6. No FileSystem for scheme: s3n/s3a
java.io.IOException: No FileSystem for scheme: s3n at org.apache.hadoop.fs.FileSystem.getFileSystemClass(FileSystem.java:2584) at org.apache.hadoop.fs.FileSystem.createFileSystem(FileSystem.java:2591) at org.apache.hadoop.fs.FileSystem.access$200(FileSystem.java:91) at org.apache.hadoop.fs.FileSystem$Cache.getInternal(FileSystem.java:2630) at org.apache.hadoop.fs.FileSystem$Cache.get(FileSystem.java:2612) at org.apache.hadoop.fs.FileSystem.get(FileSystem.java:370) at org.apache.hadoop.fs.Path.getFileSystem(Path.java:296)
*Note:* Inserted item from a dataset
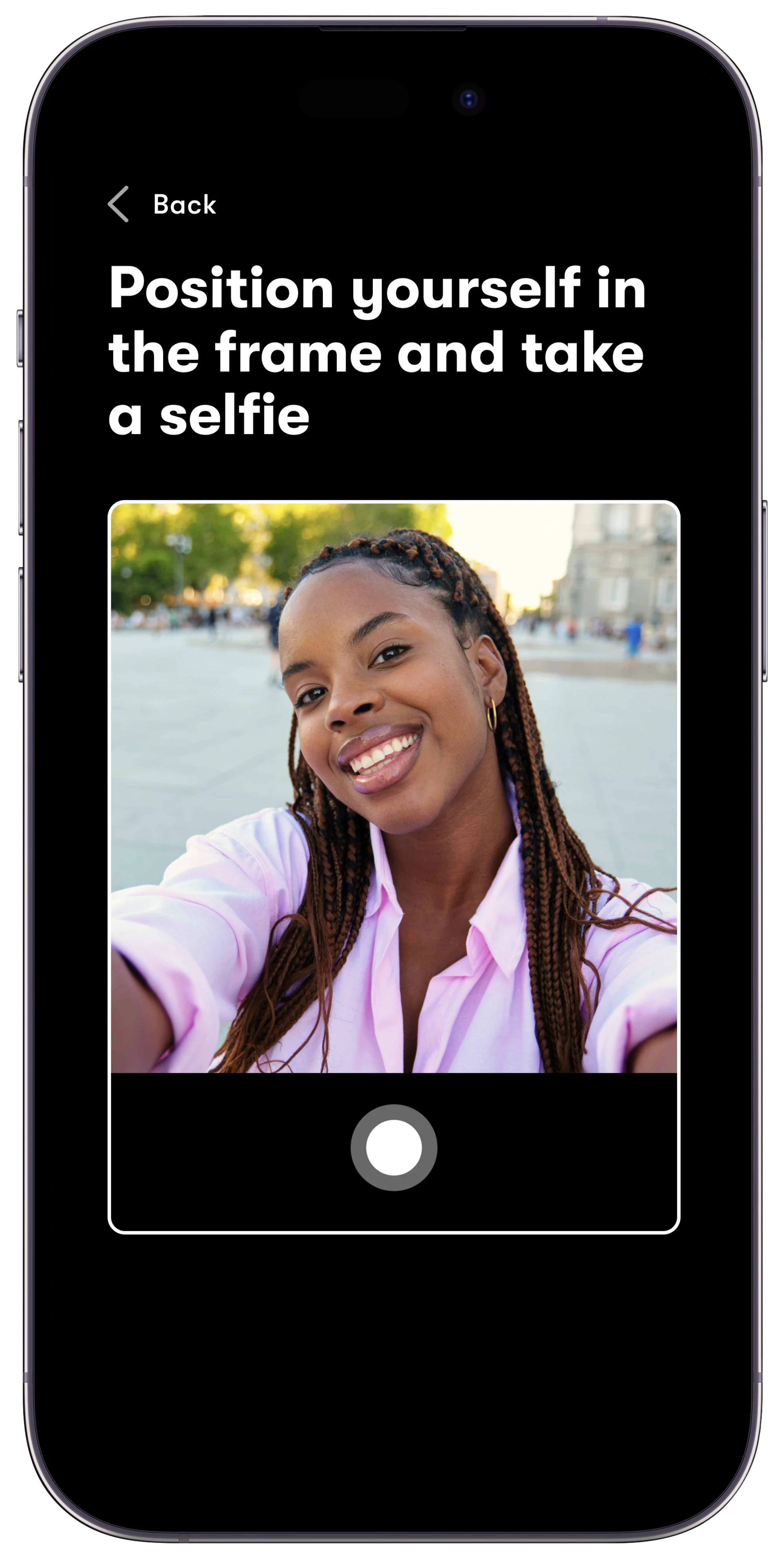 Caméra Selfie pour vérification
Solution: Include AWS dependencies
- com.amazonaws:aws-java-sdk-pom:1.10.34
- org.apache.hadoop:hadoop-aws:2.6.0
If you are trying to access through spark shell then specify dependency as packages
spark-shell --packages com.amazonaws:aws-java-sdk-pom:1.10.34,org.apache.hadoop:hadoop-aws:2.6.0
Solution:
Setup spark properties accordingly,
spark.hadoop.fs.s3a.impl=org.apache.hadoop.fs.s3a.S3AFileSystem
spark.hadoop.fs.s3a.access.key=ACCESSKEY
spark.hadoop.fs.s3a.secret.key=SECRETKEY